Gandhi and Dr. King were in the right places at the right times for the methods they chose. Would either have even gotten obituaries in the newspapers if they tried non-violent protest in Hitler’s Germany, Stalin’s Russia, Mao’s China, Bosnia, Rwanda or Darfur, or against the Ayatollah or Sadam Hussein, just to name a few?
The wisdom and lessons of history are clear, whether we like them or not. They’re found in the great literature of the world, as well as in the facts we know:
- The world was never a simpler place. Try living your life on a self-sufficient farm, especially when the locusts or drought or flood or fire comes. Or when a conquering horde comes over the hill to kill all the men and take the women and children into slavery. That was dealing with problems face to face. Remember in the Iliad what happened to mighty Hector’s wife and son. No unemployment insurance, retirement funds or welfare.
- A small group of people can change the world. Usually that’s what has happened, whether they start a Renaissance or a dictatorship or they’re called the Founding Fathers or Mothers.
- Although there are many things we’ve accomplished through science and technology in the physical, material world, there are many things we can’t accomplish in the organic, living world. We will never have world peace. We will never have a global society that encourages and makes possible everyone’s individual freedom. Power is a reality of human nature, not freedom (as much as we Americans value it). Protecting me and mine against you and yours, or people grabbing what they want is a reality of human nature.

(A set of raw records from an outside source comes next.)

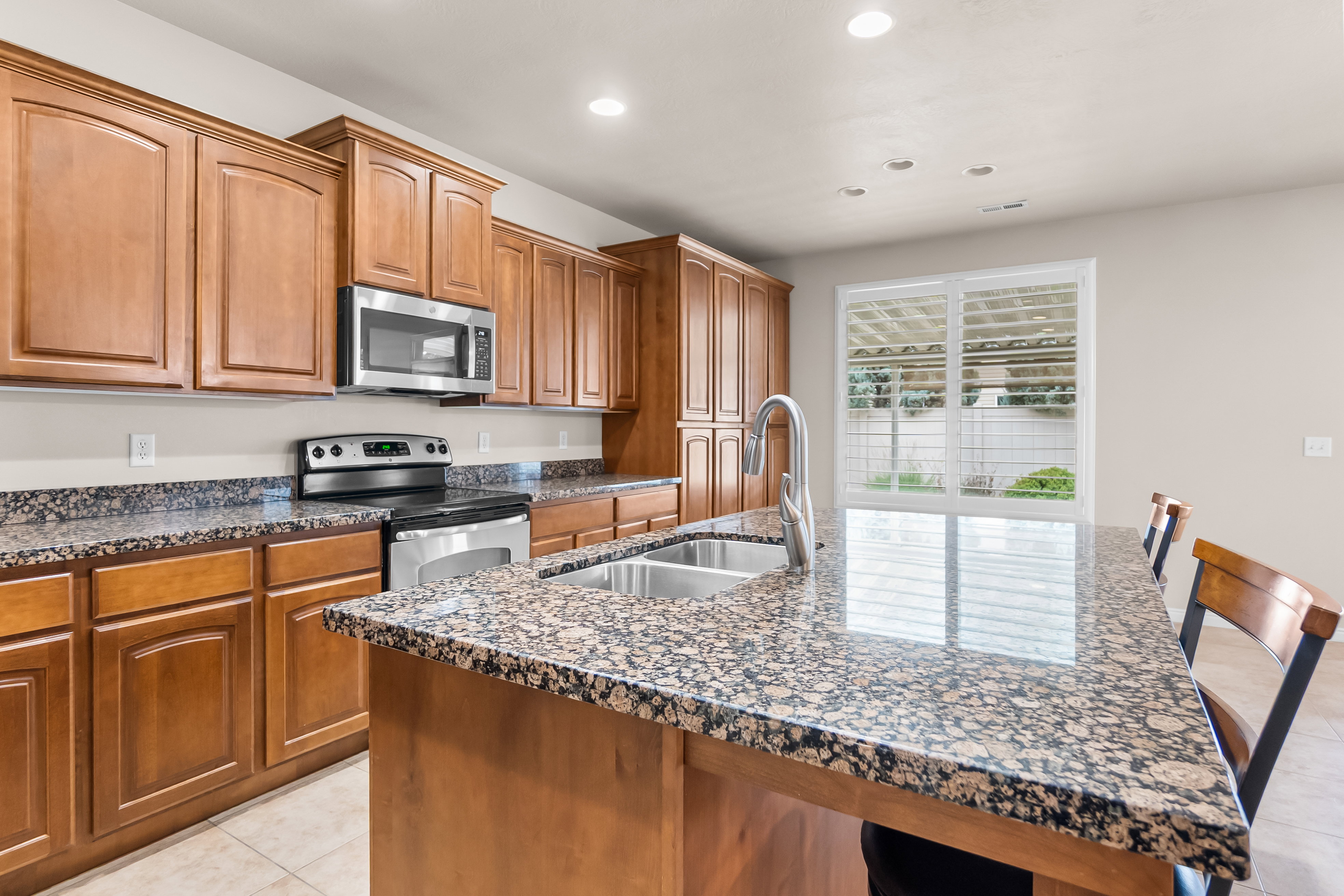 Spacious kitchen featuring an expansive island with a double basin sink and a gooseneck faucet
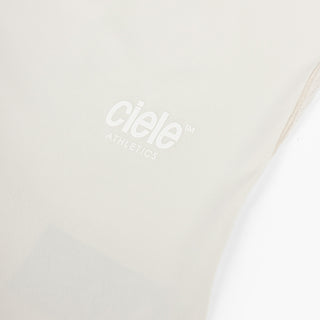 close view of the reflective logo on the ciele athletics DLYTshirt lightweight and performance driven T-Shirt in rainy day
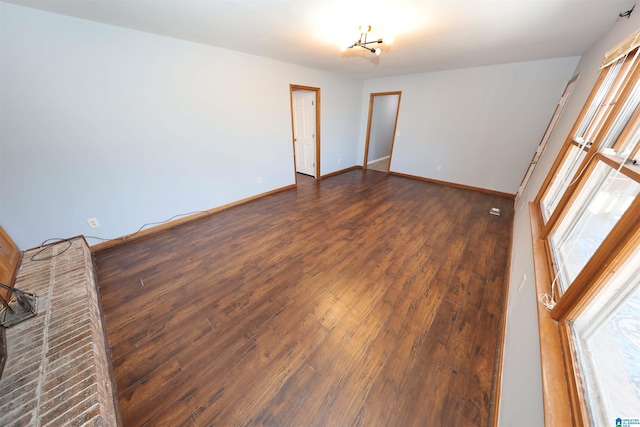 empty room featuring dark wood-type flooring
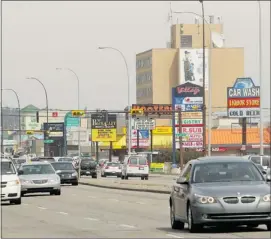  ?? Leah Hennel, Calgary Herald ?? Business owners on Macleod Trail would like to see the route spruced up for pedestrian­s to make shopping along the major route through Calgary more inviting.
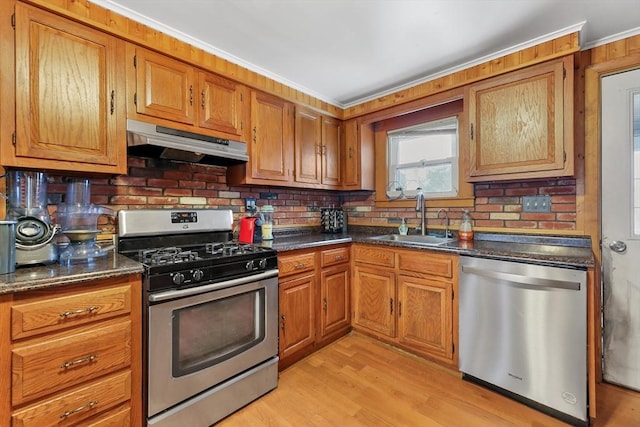 kitchen with sink, backsplash, dark stone counters, light hardwood / wood-style floors, and stainless steel appliances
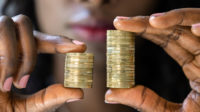 Woman holding up piles of money, pay gap concept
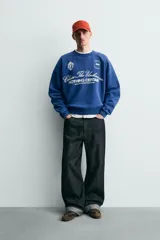 Sudadera de corte boxy fit en color azul con efecto lavado, cuello redondo y manga larga. Presenta estampado frontal con tipografía variada y gráficos estilo universitario. Interior afelpado y acabados en rib.
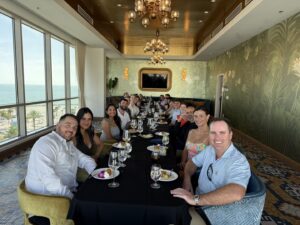 A group of people dressed in semi-formal attire sit around a long table in a bright, elegant dining room with large windows overlooking the ocean, enjoying a meal together during an Ansbacher Law attorney retreat focused on team building.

- In response to a question about peaceful, non-violent protest being effective when facing Chinese soldiers with machine guns, the Dali Lama said, about two years ago, that had we stood there and prayed and chanted and reasoned, they simply would have shot us all. Similarly, the Quakers in Pennsylvania were barred from holding office because their peaceful methods did not protect the colonists they served from Indian attacks.
- History shows that, for the most part, those who succeed practicing non-violence live in caves, deserts, misty mountains or monasteries. Usually, they live on practically nothing or are supported and taken care of by people who brave the world in which violence is a probability. For example, Gandhi could live poor and politically active because, in part, he was supported by the efforts and money of one of the richest women in India.

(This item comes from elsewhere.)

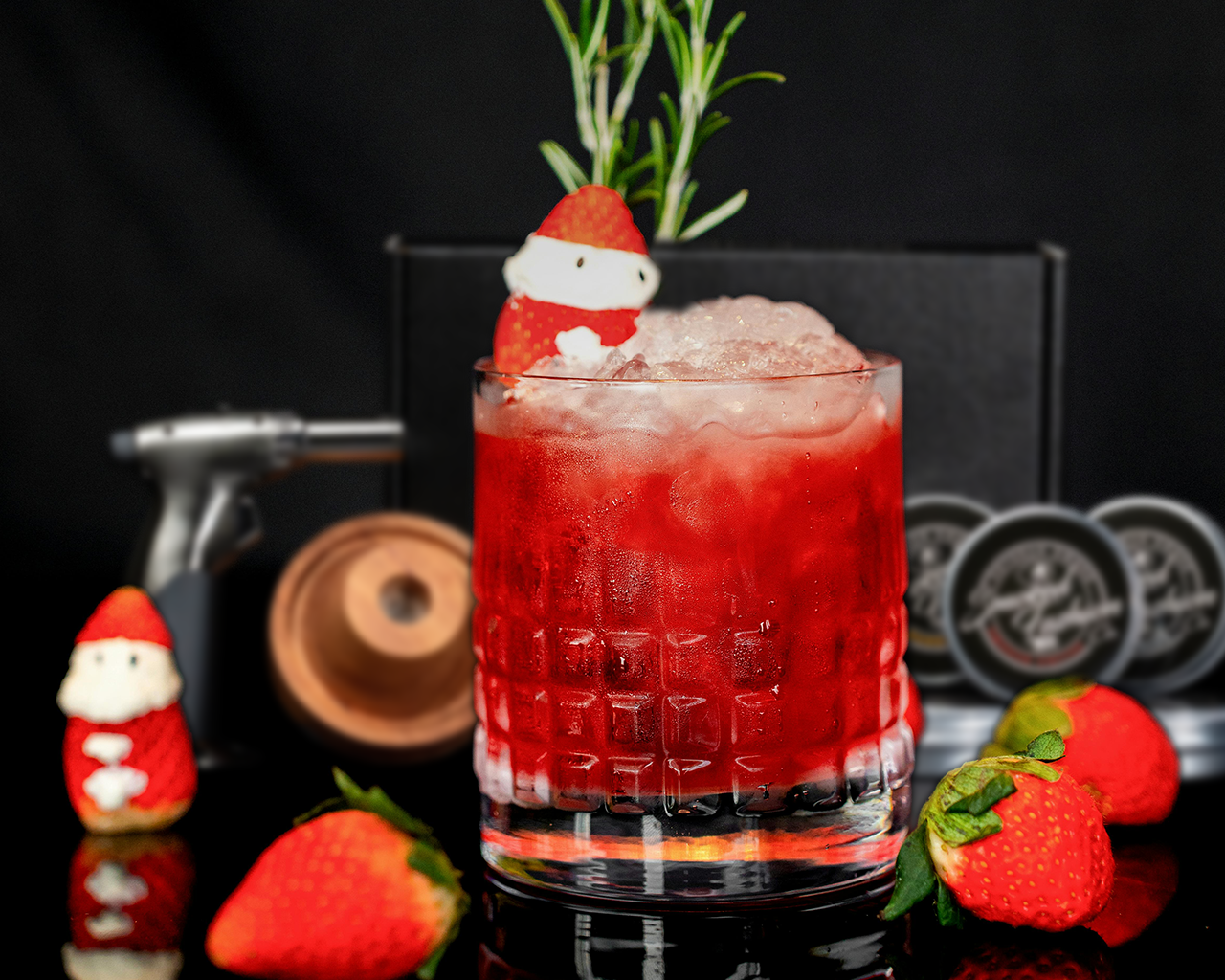 A smoked cocktail being prepared on a festive holiday table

To think that we can have sustainable world peace is to indulge in childhood, magical thinking – very 60’s and 70’s.
So what can we do? Keep working at it; be strong, skillful and resilient in your efforts; think strategically, being right isn’t enough.

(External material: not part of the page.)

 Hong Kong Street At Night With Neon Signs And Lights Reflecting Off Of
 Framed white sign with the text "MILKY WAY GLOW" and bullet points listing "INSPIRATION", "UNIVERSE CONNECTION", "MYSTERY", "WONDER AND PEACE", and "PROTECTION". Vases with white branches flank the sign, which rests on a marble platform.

Start with your personal world. Deal effectively and individually with the bullies you find, whether they be face to face or cyberbullies, bullies at work, home or school. Help make laws against those behaviors, but if you want society or the government to actively guarantee security, you will create Big Brother and you won’t like the consequences.
Think of non-violent protest and reasoning as initial tactics to employ. Sometimes they’ll be effective. Bullies will show you if non-violent protest enough to stop them. But if non-violent resistance doesn’t stop a bully, you have to be more clever and firm. History actually shows that usually the best way to prepare for peace is to be strong enough to wage war successfully, despite the seductively catchy bumper sticker to the contrary. Remember, no method succeeds everywhere and every when.
Prepare yourself to be ecstatic and joyful in the world the way it is, whether you decide to change it or not. That joy and ecstasy are signs of the saints. As much as the world is full of all the awful things we can think of, it’s also full of beauty, grace, love and nobility. Fill yourself with joy in the face of the full range of life.
If you can’t be happy until the world is totally peaceful and all the problems are solved, you’ll have a lousy life. That would be a waste of your potential for wonder, awe and joy, as well as for effecting change … even knowing that change won’t last beyond your life span.